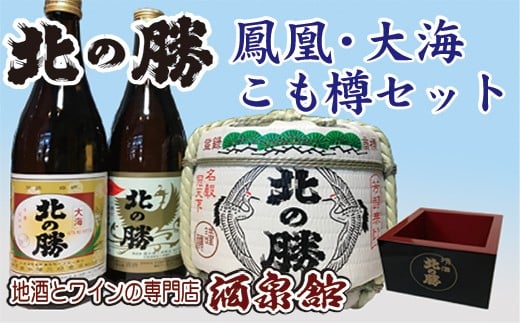 C-03002 北の勝(鳳凰・大海・こも樽)セット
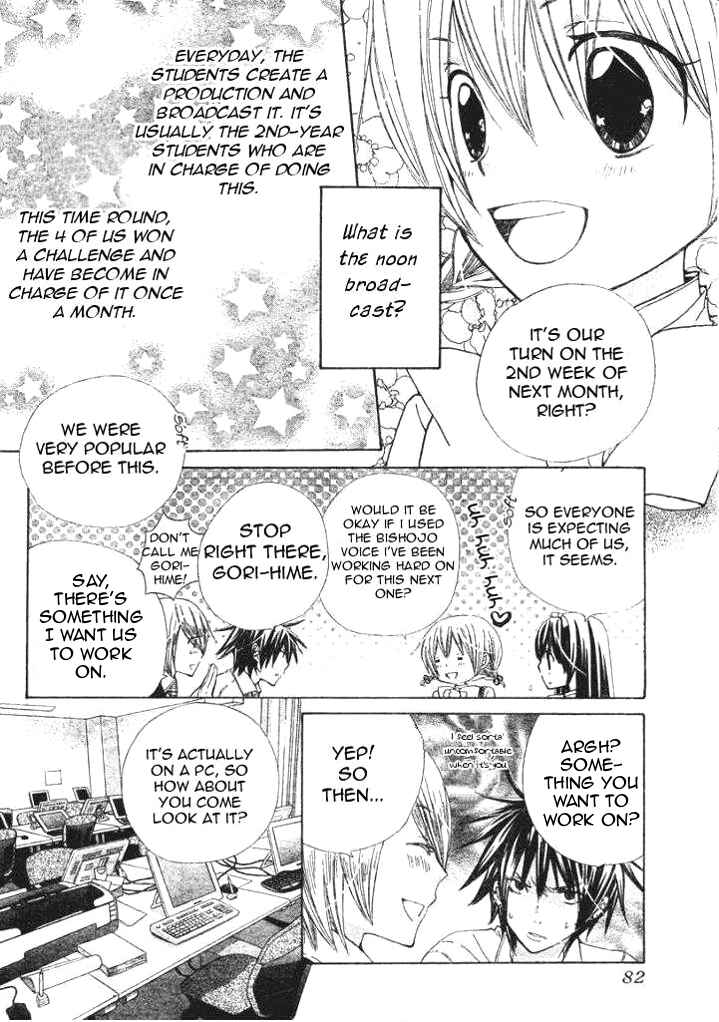 Page 8 Chapter 6 Seiyuu Ka!
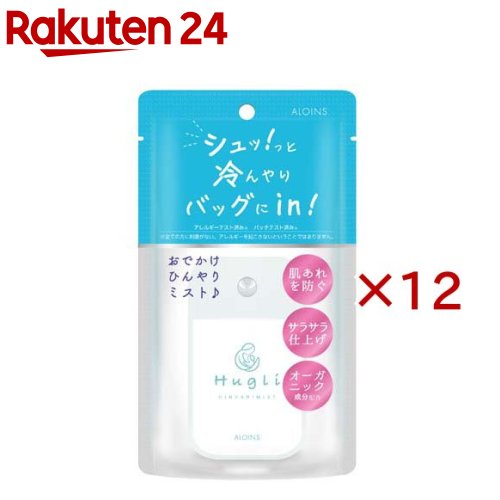 ハグリ ひんやり霧(45ml×12書き割り)【アロインス】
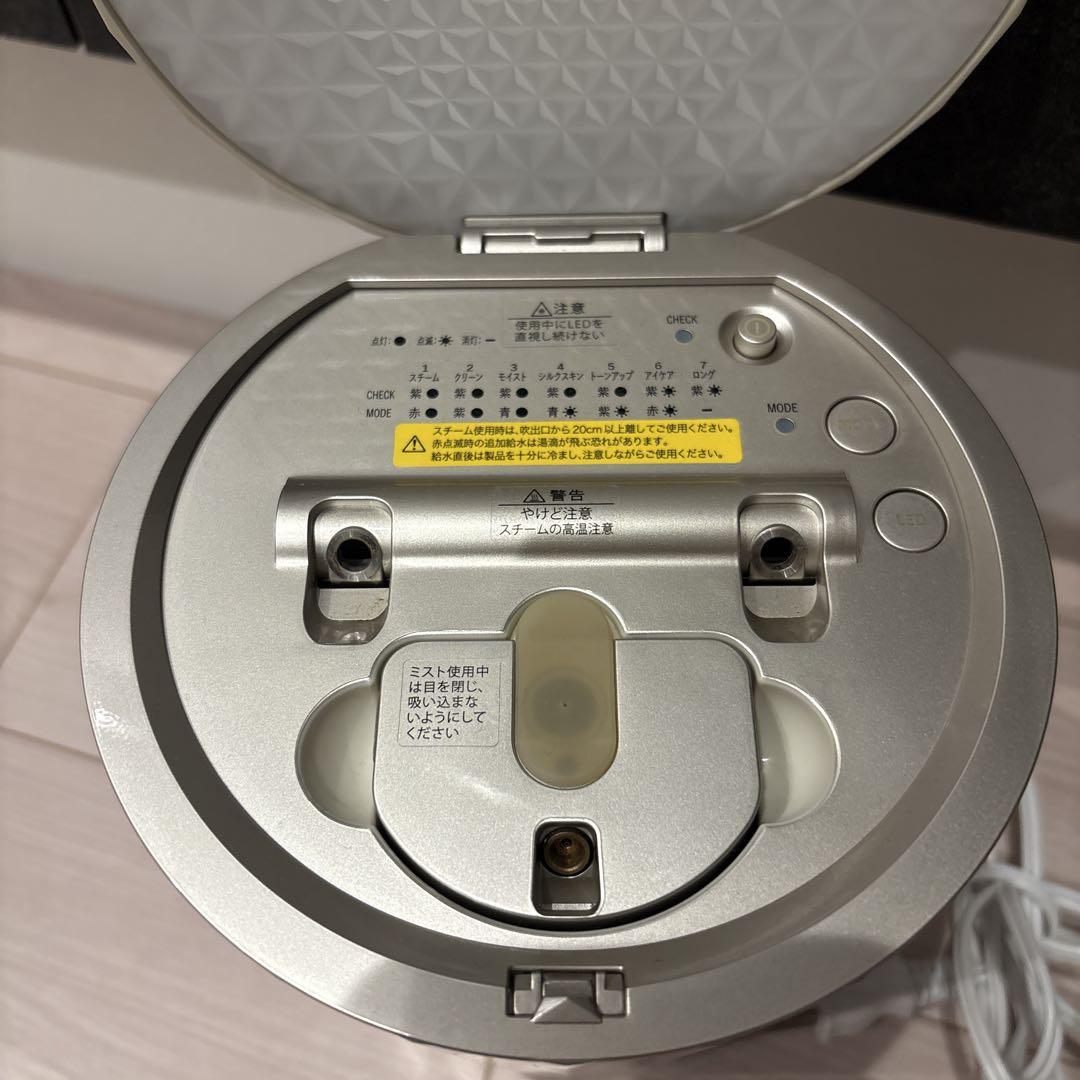 極美品 YA-MAN フォトシャイン IS-101N スチーマー 美顔器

(WORK REQUIRED): From the first line to the last, write out the data above exactly. Omit the pictures.

(TASK RESULT):
 C-03002 北の勝(鳳凰・大海・こも樽)セット
 Page 8 Chapter 6 Seiyuu Ka!
 ハグリ ひんやり霧(45ml×12書き割り)【アロインス】
 極美品 YA-MAN フォトシャイン IS-101N スチーマー 美顔器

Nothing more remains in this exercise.